Influencing Direct Support Worker Retention

The people who provide direct supports to people with developmental disabilities are critical to ensuring the quality of those supports. Unfortunately, research shows that for every ten direct support workers in a home, between five and seven workers leave in a given year. These high turnover rates increase recruiting, orientation, and training costs, decrease communication among staff members, decrease the continuity of treatment and care, increase administrative costs and job stress, and may reduce productivity and job satisfaction among those who choose to stay. The following study was implemented to identify factors that influence whether workers will stay or leave and to develop strategies to improve direct support worker retention.

Study Description

In 1993, researchers at the University of Minnesota began studying retention among newly hired residential direct support workers in 173 group homes in Minnesota. The study examined facility practices and characteristics that affect recruitment and retention. It also examined the experiences, perspectives, and characteristics of 172 direct support workers from when they were hired until they either quit or completed a year on the job. Preliminary results from the first of two facility surveys are available. Results from the staff surveys and the second facility survey will be available in 1997.


Preliminary results from the first facility survey are available for 103 houses with six or fewer residents. Forty-one of the homes operate as Intermediate Care Facilities for persons with Mental Retardation (ICF-MR), and 62 operate under the Home and Community-Based Waiver Program. On average, these homes opened in 1989 and support an average of 4.7 people with mental retardation. Of the 465 people who live in these homes, 67% walk without assistance, 61% have severe or profound mental retardation, and 53% have a specific intervention program to address challenging behavior. Approximately 17.5% of these homes use live-in staff members.
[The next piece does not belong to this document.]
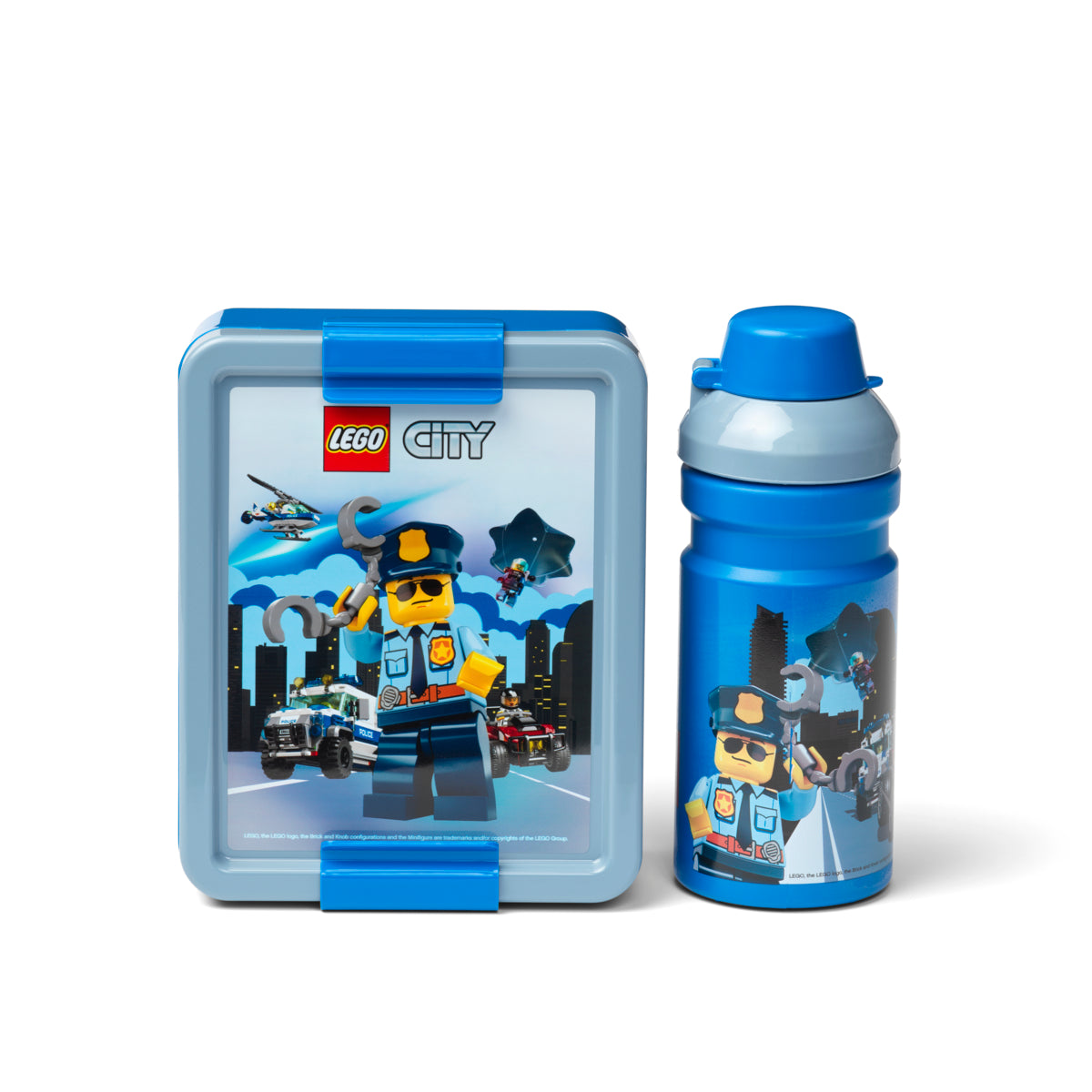 Set pranz (cutie+sticla) LEGO - Lego City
These homes employ 975 direct support workers. Of those workers, most (77% ) are female, and the mean age was 32 years. These houses experienced several recruitment and retention challenges. For example, 64% of the supervisors reported having problems finding new direct support workers to replace those who have left, 43% reported problems with staff turnover, and 40% reported problems with staff motivation. The overall turnover rate in these homes was 46%. Notably, of the direct support workers who had quit within the previous 12 months, the majority quit in the first year of employment, with 41% leaving within six months of being hired and another 25% leaving between six and twelve months after hire.

In a preliminary analysis of factors associated with turnover, a significant percentage (23%) of the differences in turnover rates between homes could be explained. Higher turnover rates were associated with lower beginning wages, higher daily per diem rates, lower county unemployment rates, having fewer direct support workers, and supporting more people with severe or profound mental retardation. Once those factors were taken into account, county population, number of years the facility was open, ICF-MR status, and the use of live-in staff members did not help to explain differences in turnover rates of different houses. A separate analysis showed that homes in which a higher proportion of workers were eligible for paid leave time (in the form of sick time, vacation, or holiday pay) had significantly lower turnover rates.

Discussion and Recommendations

Based on these preliminary results, several strategies might be helpful to reduce turnover rates and to improve retention of new direct support workers. First, most of the people who quit did so after a short time on the job. One way to reduce this type of turnover is to use realistic job previews (RJPs) to make sure that recruits have good information about the job before they decide to take it or not. RJPs use strategies such as videotapes, booklets, oral presentations, work sample tests, and interviews to present undistorted information to job applicants about the job and the organization before a job offer has been made (Wanous, 1992). RJPs for residential settings should address things like relationships with co-workers or supervisors, opportunities to do fun things, pay and benefits, hours and scheduling practices, and difficult or unpleasant tasks such as assisting with personal care, supporting people with challenging behavior, providing transportation, and paperwork responsibilities. Another useful strategy is to provide incentives to current employees to recruit new workers. Workers recruited this way are likely to know more details about the job than applicants identified through newspaper advertisements and would therefore be less likely to leave shortly after hire because the job did not meet their expectations. A final recommendation is to examine paid leave policies. It may be less expensive to increase the proportion of direct support workers eligible for paid leave time than to continue to struggle with the costs of recruitment, training, and supporting new workers.


  • Wanous, J. P. (1992). Organizational entry: Recruitment, selection, orientation and socialization of newcomers (2nd Ed.). New York: Addison Wesley.